Indian market witnessed another day of sell-off on January 29, the F&O expiry day, pushing both Sensex and Nifty50 towards crucial support levels.
The S&P BSE Sensex recouped some losses but still dropped over 500 points while the Nifty50 fell more than 100 points.
Sectorally, selling pressure was seen in realty, IT, FMCG, auto, and healthcare stocks while some buying was seen in oil & gas, telecom, banks, and consumer durables.
Stocks that were in focus included India Cement which fell more than 5 percent, Bank of Baroda (down over 9 percent), and HDFC Bank (3 percent).
We have collated views of experts on what investors should do when the market resumes trading on January 29:
Expert: Shrikant Chouhan, Executive Vice President, Equity Technical Research at Kotak Securities:
India Cement: Strong possibility of a fresh uptrend rally
The stock has registered a sharp price surge in the recent past but after the breakout above Rs 170, it failed to sustain at higher levels and due to consistent selling pressure it slumped over 15 percent.
Over the last couple of weeks, the stock has been volatile and the texture of the chart suggests that it will remain volatile for the next few trading sessions.

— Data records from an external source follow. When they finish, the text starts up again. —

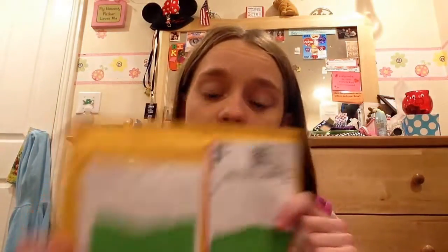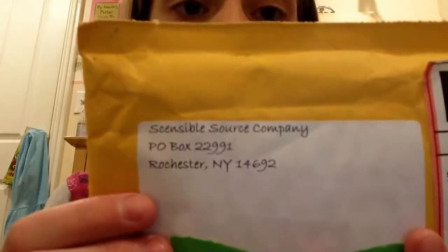I am super grateful to the Sensibles company and especially Anne at the Sensibles company for being willing to send me their product. I have been in contact with them for quite some time now and I am very grateful that they sent me their product so I can do a review for you girls. I know it's from the Sensibles company because it says 'Sensible Source Company' right there.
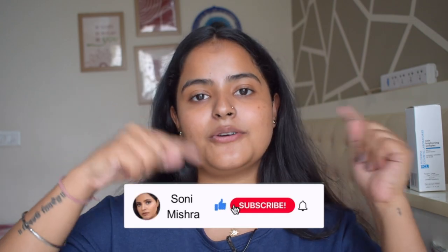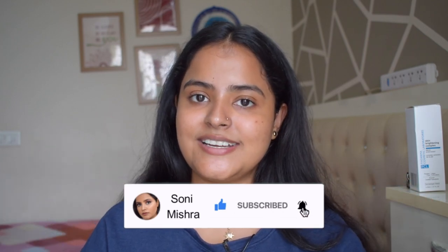I will link this product in the description box below, so make sure you check that out. Give this video a thumbs up if you liked it and found it helpful. If you have any questions about this product or skincare and makeup in general, drop them in the comments below — also drop your video recommendations there. If you haven't subscribed yet, please hit that red subscribe button and the notification bell. I will see you very soon in my next video — till then, stay safe, stay healthy, bye bye!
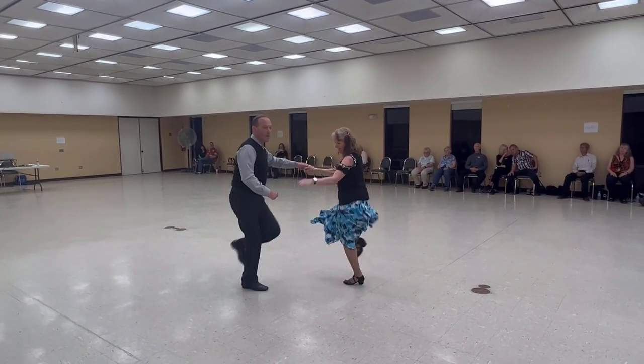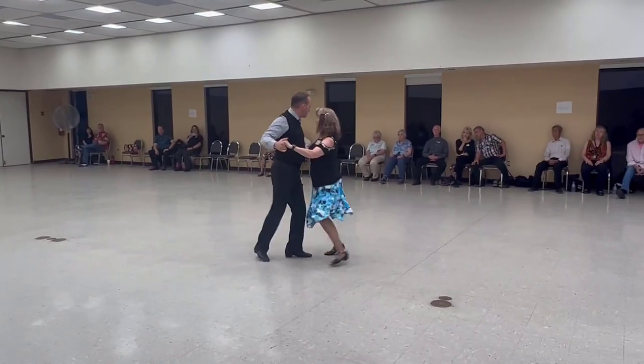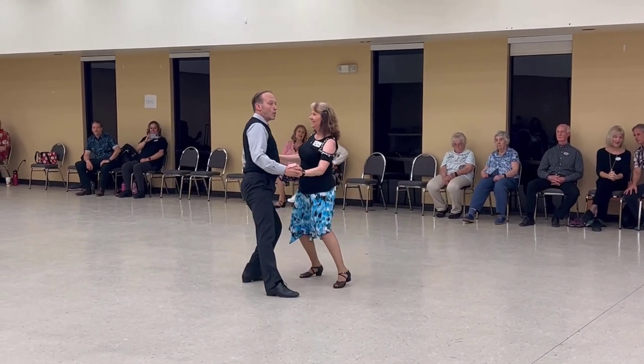One cut kick twice. Slow side draw close. Quick apart point.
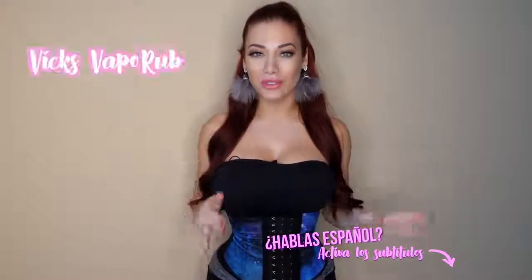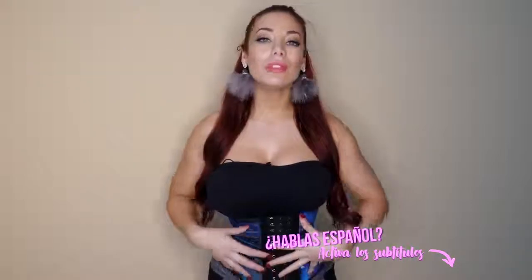Hey guys, welcome back to Lux Curves. Today I'm going to talk about using Vicks VapoRub to help you lose belly fat and improve stretch marks.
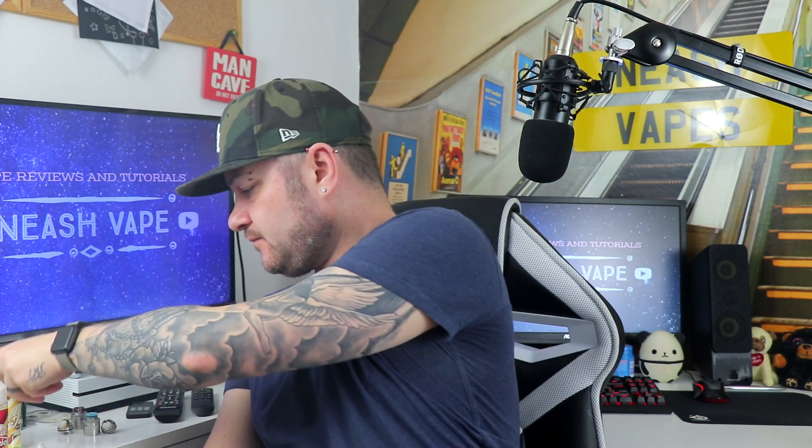On the inhale you get a definite vanilla taste, and the exhale is the toffee. It's nice — vanilla toffee cheesecake. I can't taste the cheesecake in there, but that's just the cakeyness. On the exhale it's the toffee — that's a nice vape. Strong flavor as well. That's an 8 out of 10 vape for me.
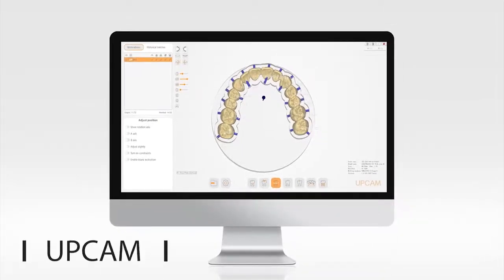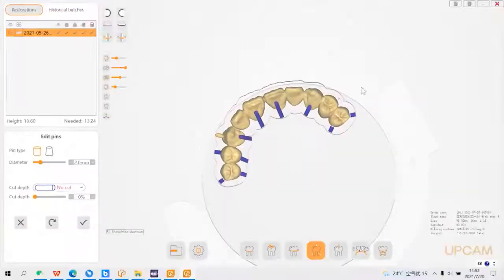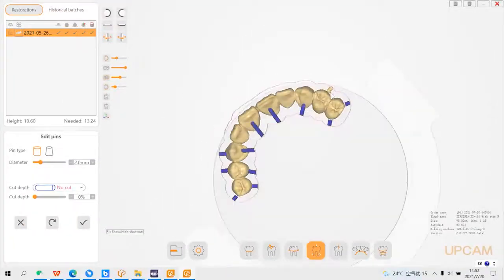UpCAD also includes a nesting software independently developed by Up3D. Simple operation and quick tooth nesting, integrated with the milling of all types of restorations of P53.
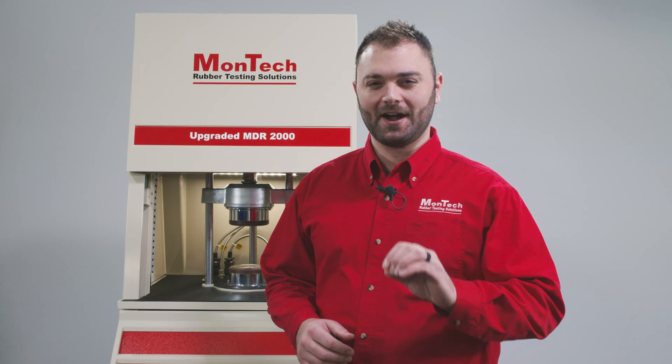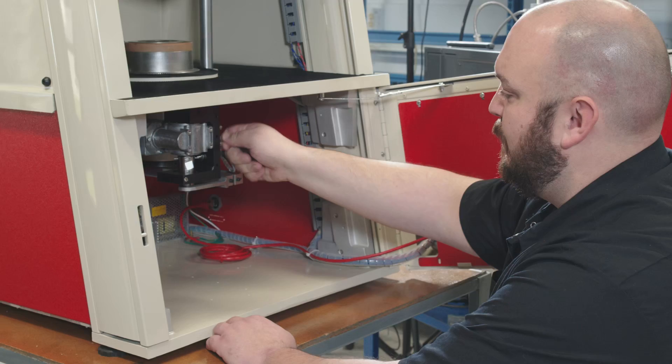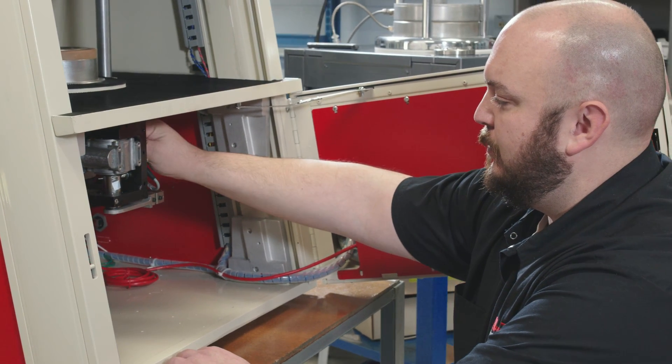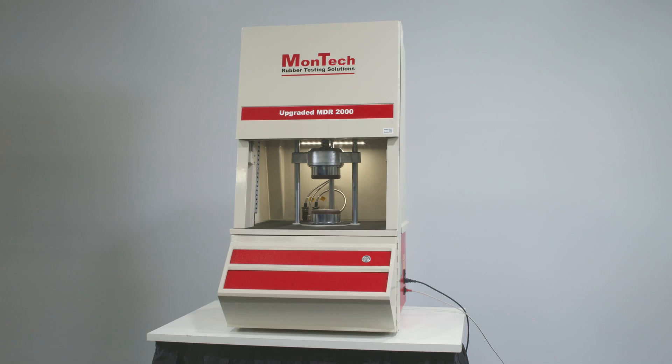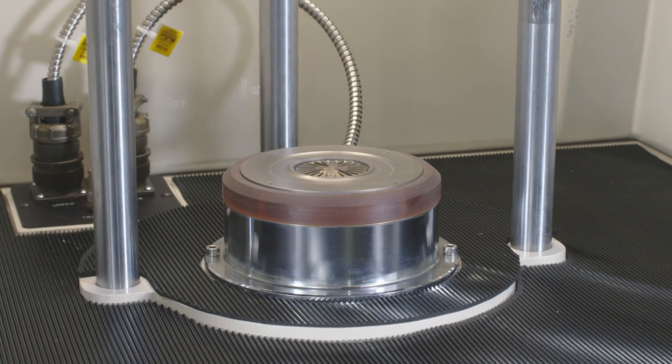Montec's upgrade program is the most comprehensive solution for updating your legacy MDR 2000s. Installed by skilled technicians in our ISO 17025 accredited facility, each Montec upgraded MDR 2000 is completely restored with over 75 new parts and modifications.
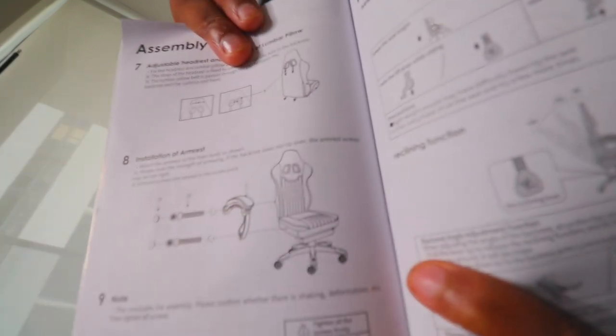Before I start, like I always do when I get instructions, I always go to the last page to see how many steps I have. Not bad at all — it only has nine steps. So it's not gonna be that hard, hopefully.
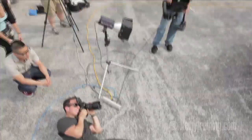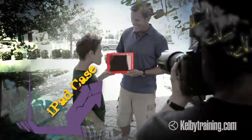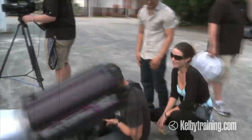My name is Douglas Saunders. I'm a commercial advertising photographer. I may be Washington DC based, but I take my assignments all over the world. We have a product — it's an iPad case — and I'll be showing you how to put together an entire ad shoot from pre-production to actual photo shoot to my post-production retouching process.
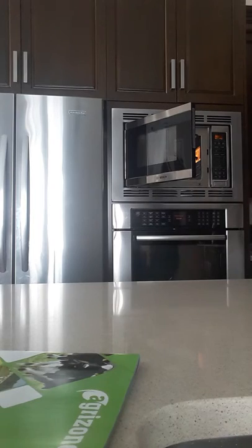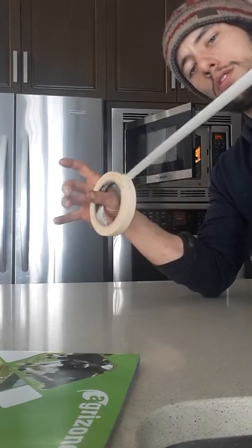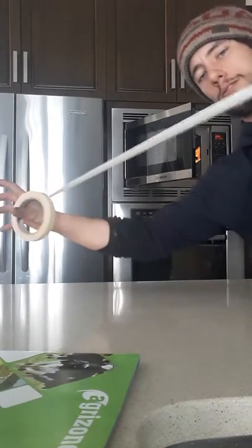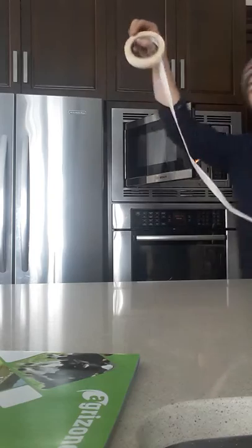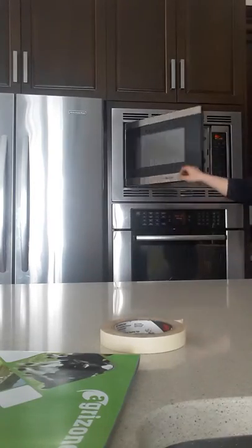And then you get a nice tasty roll, a toasty roll. You can draw lines all day. Like new — even better than new. Let's take a look at the top of the tape.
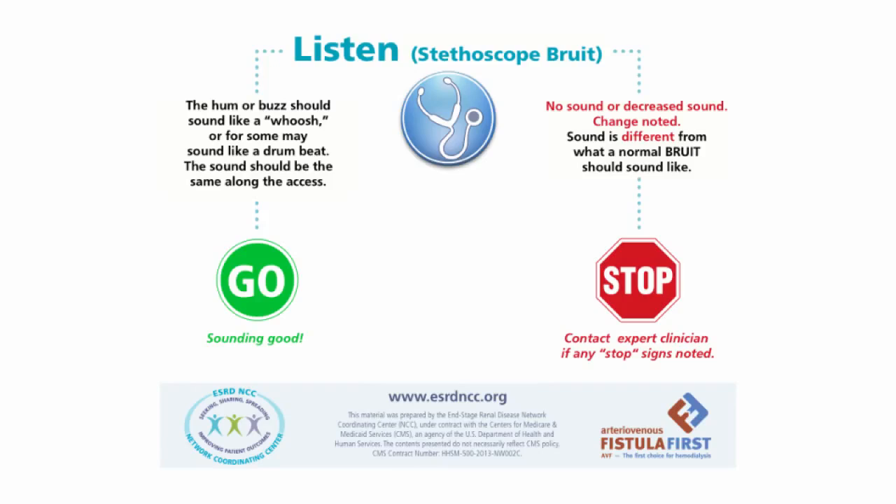What does a red light, or stop-and-report, access sound like? If you hear no sound, a decrease in the volume, or it sounds different than it did before, you should report this to an expert clinician for further evaluation.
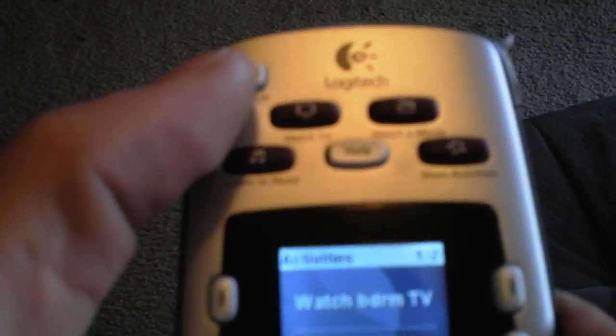Everything is programmed under one button. The Watch TV button — go ahead and press that — turns on your cable box, turns on your TV, turns on your surround sound, switches the input on your TV, and switches the input on your surround sound. All programmed under one button.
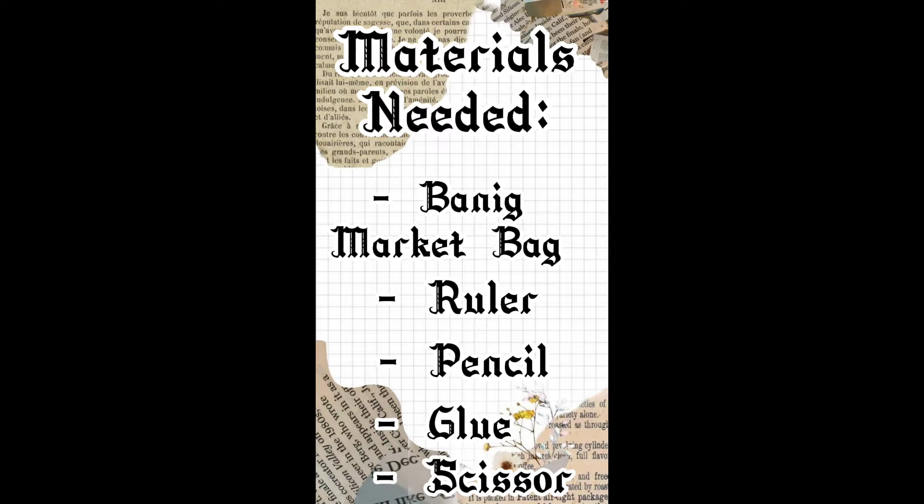Materials needed: Banik market bag, ruler, pencil, glue, and scissor.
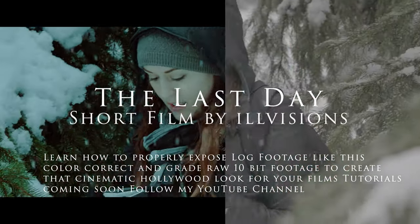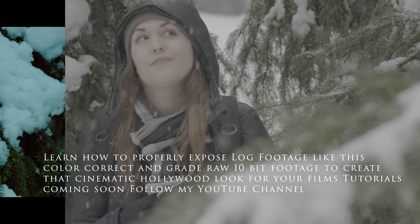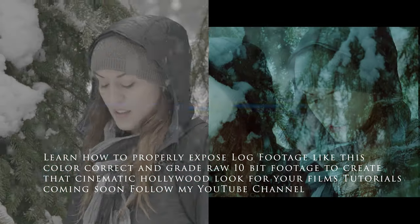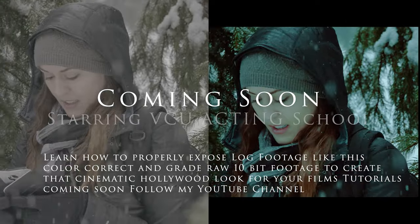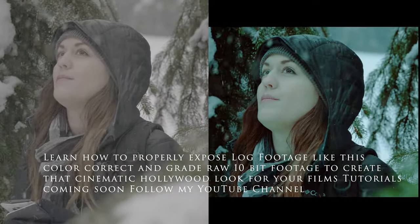Hey, what's going on? This is Mel with LVisions LLC. Welcome to my YouTube channel. Going forward, I'm going to start showing tutorials on how to get that cinematic film look out of the GH5 using the V-Log profile.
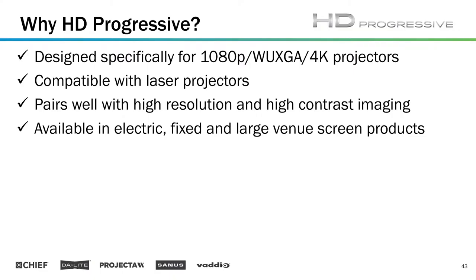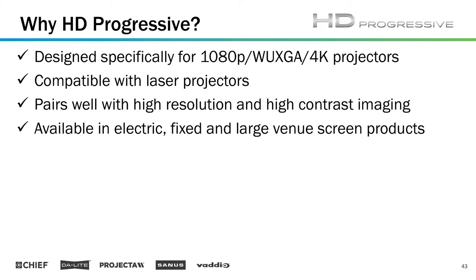HD Progressive pairs well with high resolution and high contrast imaging, especially if you use something like the 0.6. If you're trying to achieve a very deep black level, that gray surface is really nice. But if you're trying to achieve a color balance, something like the 0.9 — which is kind of an in-between light gray and white — or the 1.1, which is a pure white, is really good for achieving certain types of color palettes. That class tomorrow will cover things like that.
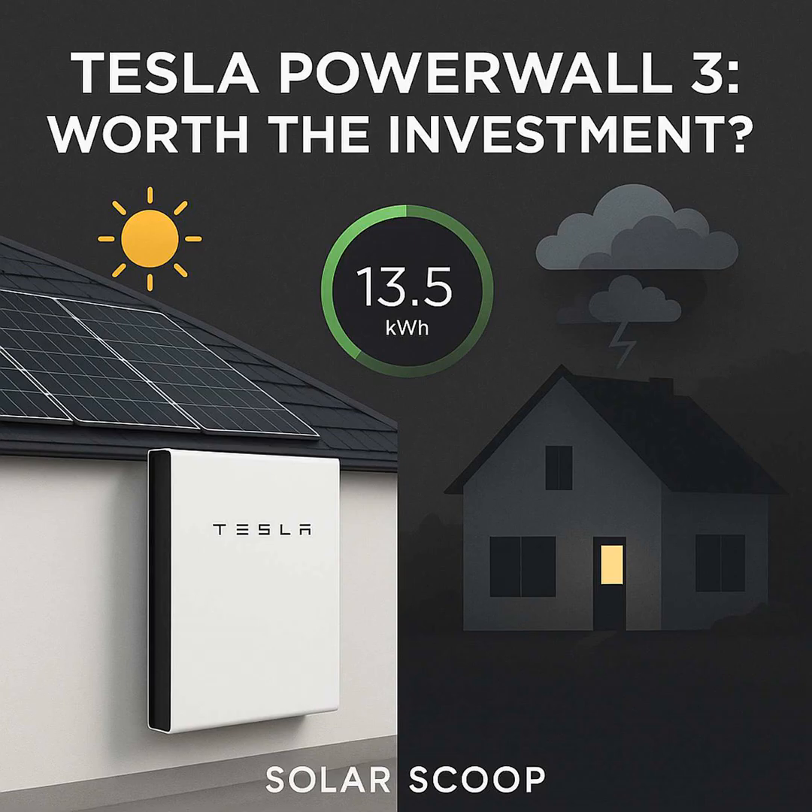Now let's dig into the numbers — costs and potential savings for the Powerwall 3. For one unit, including the necessary backup gateway and a standard installation, you're generally looking at a starting point around $14,000 installed. If that 13.5 kilowatt hours isn't enough, there are two main ways to scale up. You can add more full Powerwall 3 units — a second runs roughly another $11,000 on top of the first, and a third another $11,000 or so. You can go up to four total.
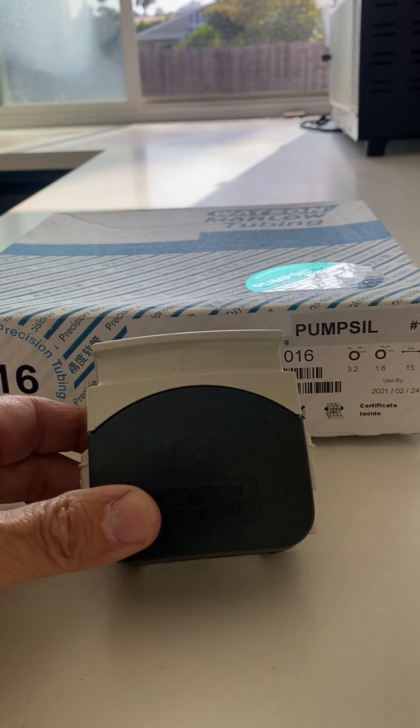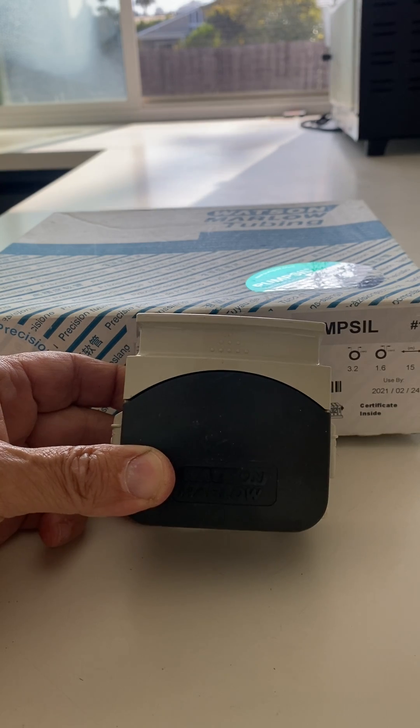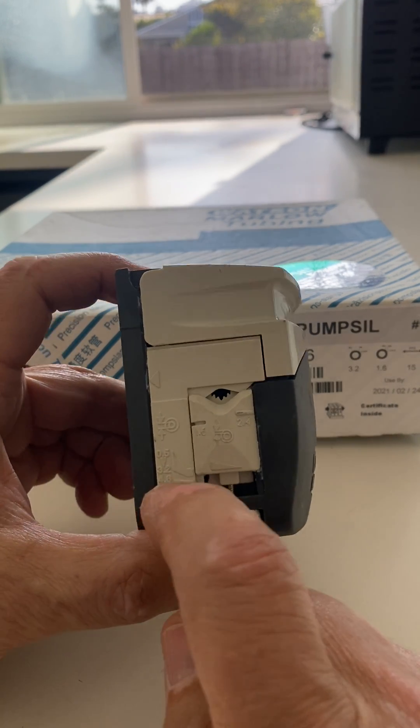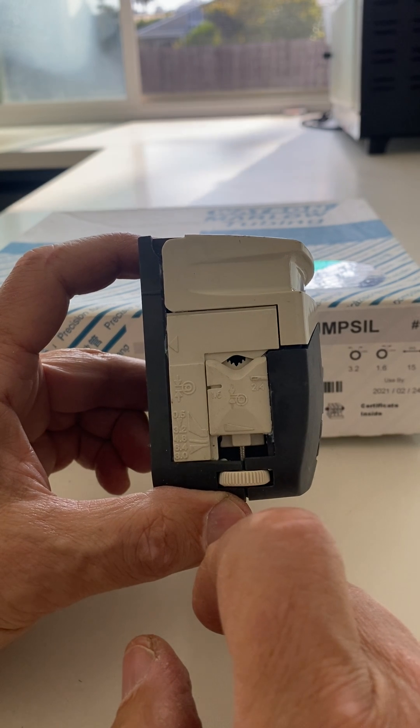This is how to adjust the Watson Marlowe 300 series pump heads for your tubing. These pump heads have marks on the side, and the labels are for the ID of your tubing in millimeters.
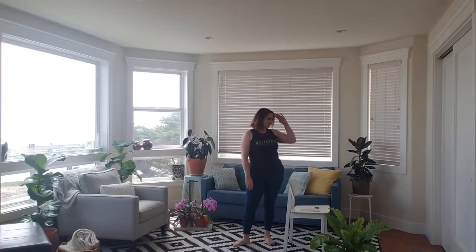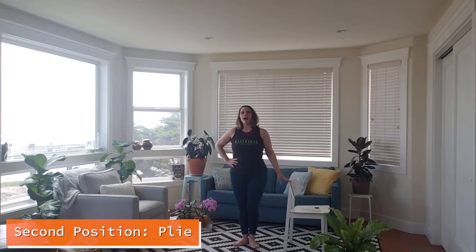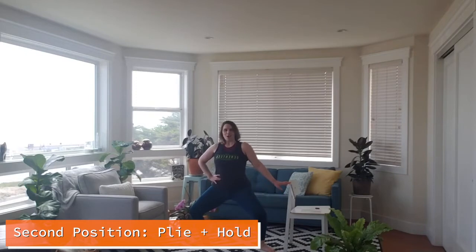Then we're going to get into first position and do the same thing — relevé up, down. I like to think that I'm rooting my feet to rise up. Shoulders are relaxed. Four sets of eight. Next it's going to be second position: feet open outside your hips, and you squat — we'll call it a second position plié. Arms relaxed, holding onto the surface for balance, hand on hips to feel your core engage and hips centered. After four sets of eight, you're going to hold for four sets of eight. Belly button towards your spine, keeping that rib cage above your pelvis. Try not to go forward or back — keep it centered.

However, the medium-term structure of the stock is still on the positive side and is likely to continue in the near term.
In addition, on daily and weekly charts, the stock still maintains higher bottom series which is broadly positive for India Cement.
Currently, the stock is trading near 50-Days SMA, and the daily and weekly structure of the stock clearly suggest a strong possibility of a fresh uptrend rally from current levels.
Bank of Baroda: Exit longs on a close below Rs 63
After registering a breakout above Rs 70, the stock quickly rallied up to 80.80, but due to extremely weak market conditions, the stock witnessed selling pressure at a higher level.
The correction was steep and price dominating. However, the larger texture of the Bank of Baroda is still in the positive side.
For positional traders, the level of Rs 63 or 50-Days SMA should be the key support level. If the stock manages to trade above the same then we can expect a fresh uptrend wave till Rs 75. On the flip side, if it closes below Rs 63, traders may prefer to exit out from trading long positions.
HDFC Bank: Contra traders can take long bets
Over the last couple of weeks, the stock is witnessing a price correction. So far this week, the stock has corrected over 5 percent. The sharp sell-off from its all-time high level clearly indicates that bears are in total control and the price correction likely to continue in the near future.
In addition, on weekly charts, the stock has formed a strong bearish candle indicating further weakness from current levels.
In the short run, Rs 1450 should be an important resistance level. Below the same correction wave will continue up to Rs 1325-1300. Contra traders can take a long bet near Rs 1300 level with Rs 1250 support stop loss.
Disclaimer: The views and investment tips expressed by experts on Moneycontrol.com are their own and not those of the website or its management. Moneycontrol.com advises users to check with certified experts before taking any investment decisions.